Romo's Fantasy Event Sues NFL

A company with ties to Cowboys QB Tony Romo and organized to put on a fantasy football event in Las Vegas has filed a lawsuit against the NFL, asking for more than $1 million in damages.

Fan Expo LLC sued the league in Dallas on Monday, accusing the NFL of illegally interfering with its National Fantasy Football Convention that was supposed to take place earlier this month.


The event, which was a partnership between Romo and a Dallas entrepreneur, was supposed to take place from July 10-12 at a convention area of The Venetian and feature a roster of at least 60 NFL players under contract, including Romo, Odell Beckham Jr., Rob Gronkowski and Dez Bryant. But five weeks before the event, the suit alleges, NFL officials called people associated with the players who were getting paid to come -- their teams, families, their agents and, in some cases, even their parents -- to tell them they would be fined or suspended if they attended the convention.

The NFL also told the NFL Network's Michael Fabiano that if he remained the host of the event he would risk losing his job, the suit claims.

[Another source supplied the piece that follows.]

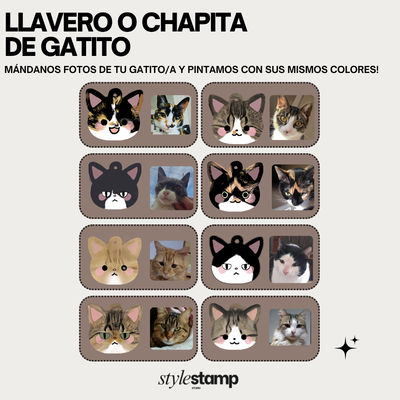 Llavero/Chapita gatito Personalizada con sus mismos colores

The NFL's gambling policy states that the league does not allow participating in any appearances that are held or sponsored by a gambling-related establishment. But Fan Expo LLC argues that its three-day event wasn't in violation of that policy.

Although the convention center was owned by Sands, which owns The Venetian and The Palazzo, the expo where the convention was to take place doesn't have gambling and wasn't sponsored by a casino. There was some confusion about this because the original materials said the event was at The Venetian itself.

The suit argues that the NFL's gambling policy gets more complicated when considering that the New Orleans Saints had a training camp last year on the site of a resort that has a 103,000-square-foot casino and that the Detroit Lions recently got a big sponsorship from MGM Grand Detroit.

"If we had known about the issue of the place or thought that was something that could've been an issue, the NFL could have told us right away," Romo said on ESPN's The Herd with Colin Cowherd. "The NFL never called me or my agency or the NFFC."

The event was canceled, and Fan Expo said it had to refund money to everyone associated with the event.

Officials with Fan Expo said they would have no comment on the suit, while NFL spokesman Brian McCarthy said the league was unaware that a suit had been filed against it.